Beyond Linearity: How Neural Networks Learn to Extrapolate

Author: Denis Avetisyan

New research reveals that overparameterized neural networks exhibit surprisingly different extrapolation behaviors depending on their proximity to the training data’s origin.

This paper demonstrates quadratic extrapolation near the origin for two-layer ReLU networks trained under the Neural Tangent Kernel, contrasting with linear behavior further away.

While over-parameterized neural networks are known to exhibit linear extrapolation behavior, this phenomenon isn’t universally consistent across the input space. This paper, ‘A Special Case of Quadratic Extrapolation Under the Neural Tangent Kernel’, investigates extrapolation properties within the Neural Tangent Kernel (NTK) regime, revealing a surprising divergence from linearity. Specifically, we demonstrate that a two-layer ReLU network trained with the NTK exhibits quadratic extrapolation near the origin, contrasting with its linear behavior further away. Understanding this nuanced behavior-and the implications of a non-translationally invariant feature map-could unlock new insights into generalization and the limits of predictive power in deep learning.

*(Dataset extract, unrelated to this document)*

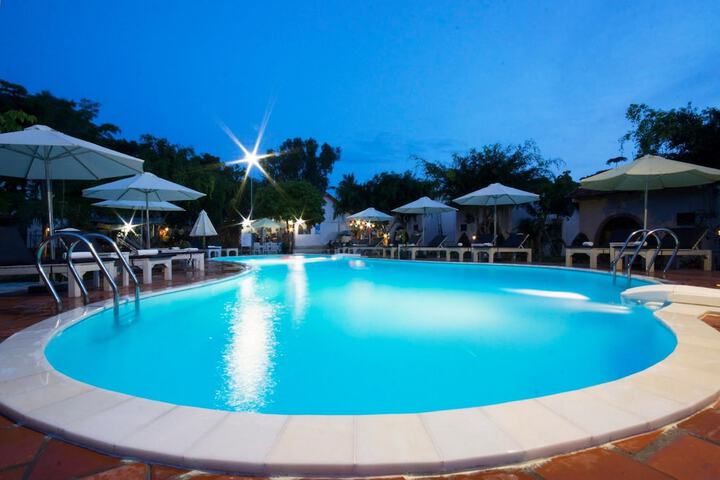 Pools & Facilities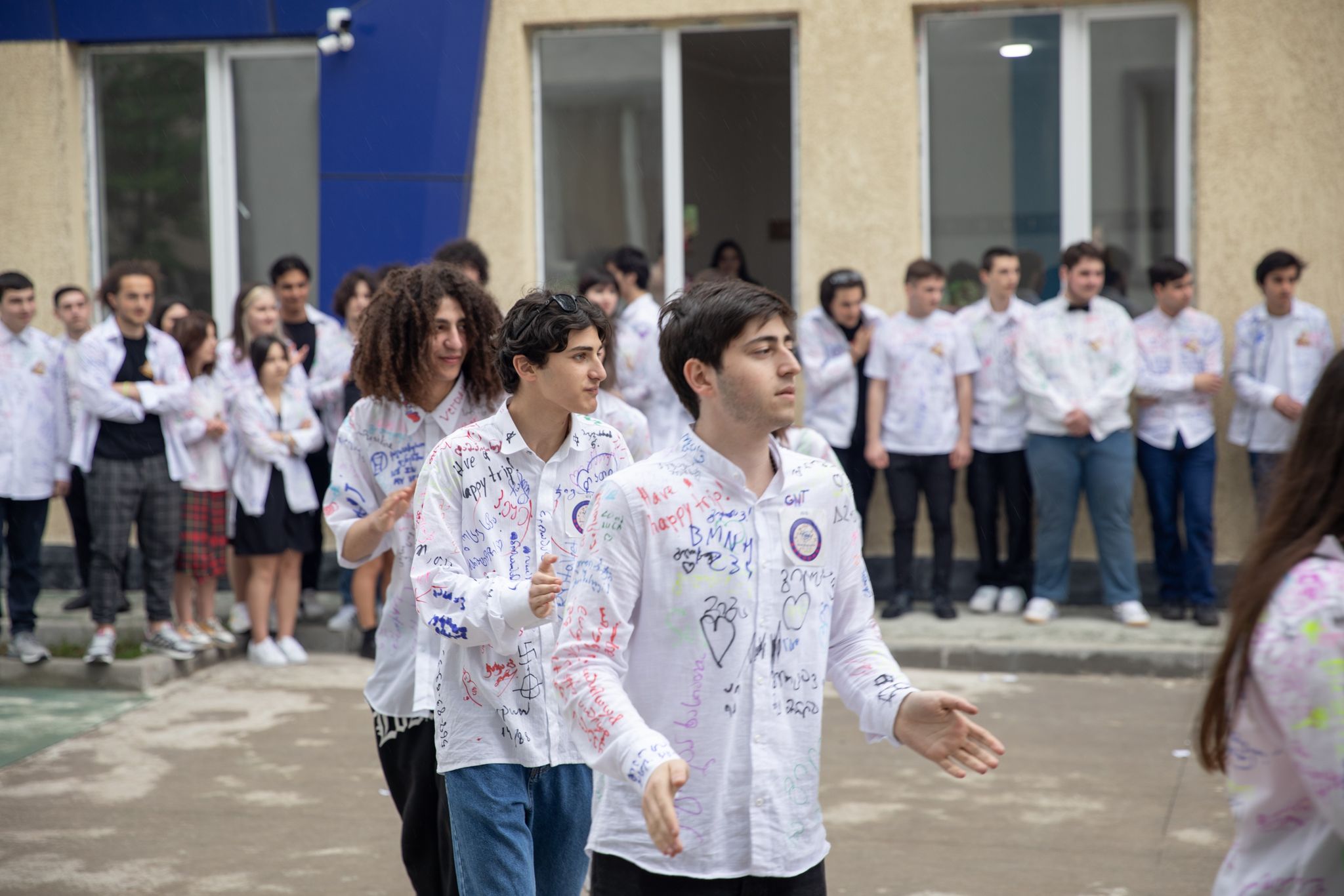 ტიტე აროშიძემ მე-12 კლასელებს ''ბოლო ზარი'' და სკოლის დამთავრება მიულოცა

The Paradox of Overparameterization

The escalating performance of machine learning models increasingly relies on architectures with far more parameters than strictly necessary for the task – a phenomenon known as overparameterization. While seemingly counterintuitive, this approach frequently leads to superior generalization capabilities, defying traditional statistical understanding which predicts overfitting. Investigating this behavior is therefore paramount, as it challenges core assumptions about model complexity and the learning process. Current research suggests that overparameterization can facilitate optimization landscapes with desirable properties, allowing algorithms to find solutions that effectively capture underlying data patterns. Understanding how these models behave, particularly during training, is not merely an academic exercise; it’s foundational for developing more robust, reliable, and efficient machine learning systems capable of tackling increasingly complex problems and avoiding catastrophic failures in real-world applications.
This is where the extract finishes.